Look: if you have a preacher friend, give her this book. If you’ve got a pastor, share this.
But the second thing: this is not just for preachers, despite what the title says. If you like books at all, value good writing, enjoy fine novels or the occasional poem, if you take in the best memoirs and award winning journalists, you will love this. Get it for your clergy friends, and get it for yourself. If you are a reader or a writer, get this book.
(Further, if you sit through sermons, this is a great read. It might help you understand what your preacher goes through, and it might help you hear the sermon better. I’m not making this up: reading an occasional book about preaching is like getting insider information from a banker — it can help you get what’s really going on when he or she stands up there. I’ve read a lot of homiletics texts, and this is certainly one of the best I’ve read.)
I might say more about it again — how can I not, this book has “Hearts & Minds” all over it! — but for now, allow me to assure you that it is well worth reading, and nearly any clergy person you know will like it. Or should. Buy this book for him or her, and enter “the conversation with storytellers, biographers, poets, and journalists.” And then by one for yourself.
Here are some of the enjoyable blurbs on the back. I wish I could add my voice — this is a very special book.
— author of Stations of the Heart and The End of Words
Plantinga’s Reading for Preaching represents the gift of a lifetime.
Plantinga has spent many years mapping great fiction, poetry, biography,
and journalism. In this book he shares that map with technologized,
digitalized, busy preachers who badly need what he has to offer. This is
not a guide to ‘pretty sermons,’ as Niebuhr called them, but to human,
deeply textured reflections. . . . I can’t imagine a preacher who will
not benefit from this gift.”
— author of The Prophetic Imagination and Truth Speaks to Power
matters are unmistakably clear in this book. First, Plantinga loves
words, phrases, sentences, and stories. He remembers them, relishes
them, and knows their durable power. Second, Plantinga cares about
ministers. He knows the burdens and wonders of ministry, and treats
preachers with deep respect. . . . Preachers will find in these pages a
colleague and fellow traveler who exudes courage and pathos and joy in
our common calling.”
Thomas G. LongLillian Daniel
— author of The Witness of Preaching and What Shall We Say?
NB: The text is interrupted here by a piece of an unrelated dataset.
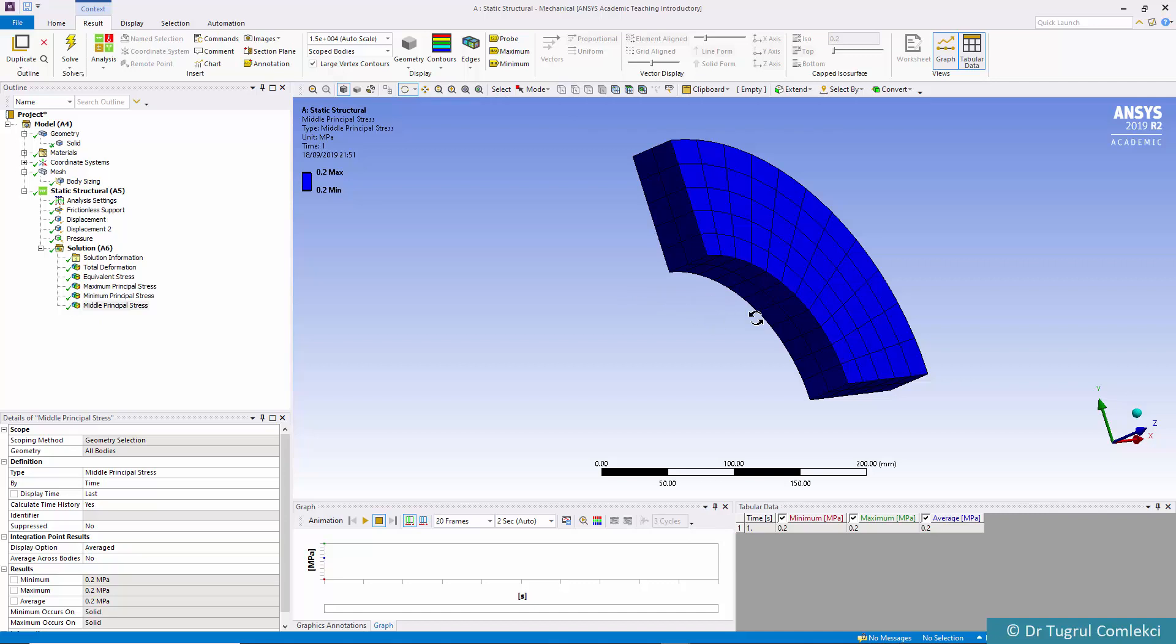This concludes the 3D thick cylinder pressure vessel analysis using workbench mechanical.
wit, wisdom, and a fresh supply of his own compelling prose, Cornelius
Plantinga invites us into the whitewater adventure of good reading. He
speaks directly to preachers, to those who bear the load of weekly
sermons and who wonder where they can find language that bristles with
energy and faithful imagination. But he also gathers in all Christians
who hunger for the old words of the faith — sin, hope, salvation,
providence — to come alive in the vibrant metaphors, rich stories, and
telling insights of great literature. This book is about delightful
reading, and it is itself a delight to read.”
— author of When “Spiritual but Not Religious” Is Not Enough
don’t preachers read more? Preachers are writers who produce more
content each week than the average newspaper columnist. Why don’t we
ravenously read in order to feed the beast of each Sunday’s deadline?
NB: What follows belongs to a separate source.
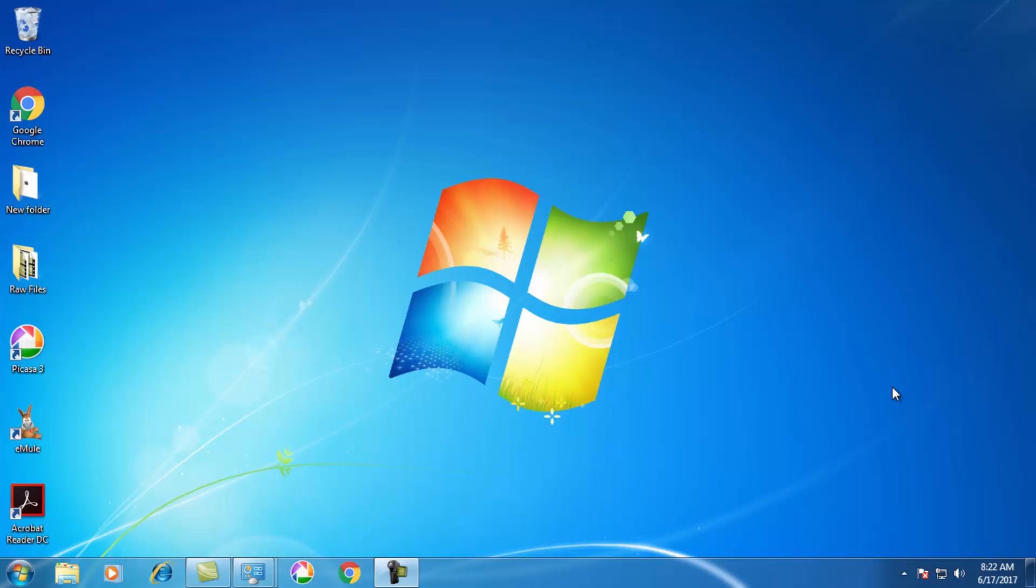Hi guys, in this video I'm going to show you how to create a shortcut for any program from your desktop. Here is my desktop screen.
The truth is that a million pressing callings invade the small space
that pastors reserve for reading. And so I give thanks for the deep
reading that Cornelius Plantinga has done over the years, and for this
gentle guide to words that are worth reading.”
— author of If You Want to Walk on Water, You’ve Got to Get Out of the Boat
once said we are to love God with all our mind — I know of no one who
does this better than Neal Plantinga. He seems to be incapable of
crafting an uninteresting or unedifying sentence. To be able to learn
from him how to stock a mind for greater preaching is beyond price.
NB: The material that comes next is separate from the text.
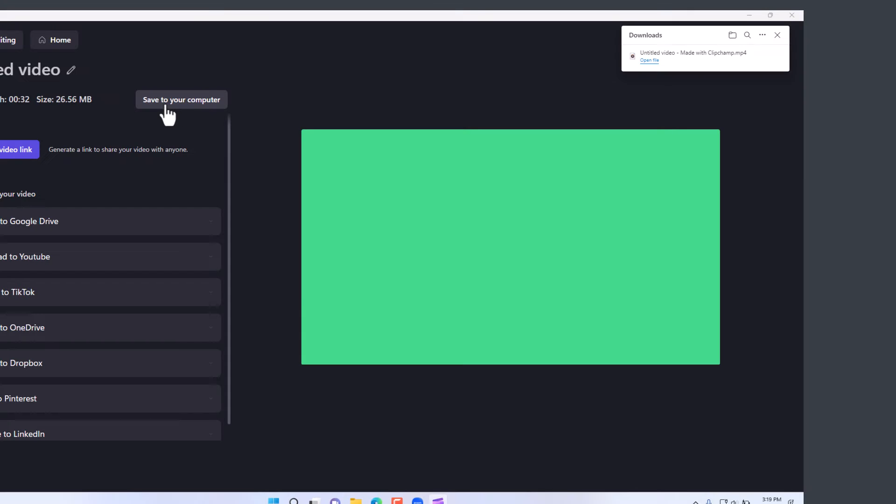And we'll be able to preview it. At this point we can save it to our computer or share it to various social media platforms.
Whatever this book costs, it’s not enough.
Encounters with Jesus: Unexpected Answers to Life’s Biggest Questions
Timothy Keller (Dutton) $19.95 OUR SALE PRICE $15.96
Interestingly, this is the second brand new hardcover to be released by the famous New York Presbyterian preacher this season. We were glad to feature — in NYC at the Redeemer Center for Faith and Work event — the good one that came out in October, Walking with God Through Pain and Suffering.
What an amazingly thoughtful book that is!
This one was released about two weeks later mid November.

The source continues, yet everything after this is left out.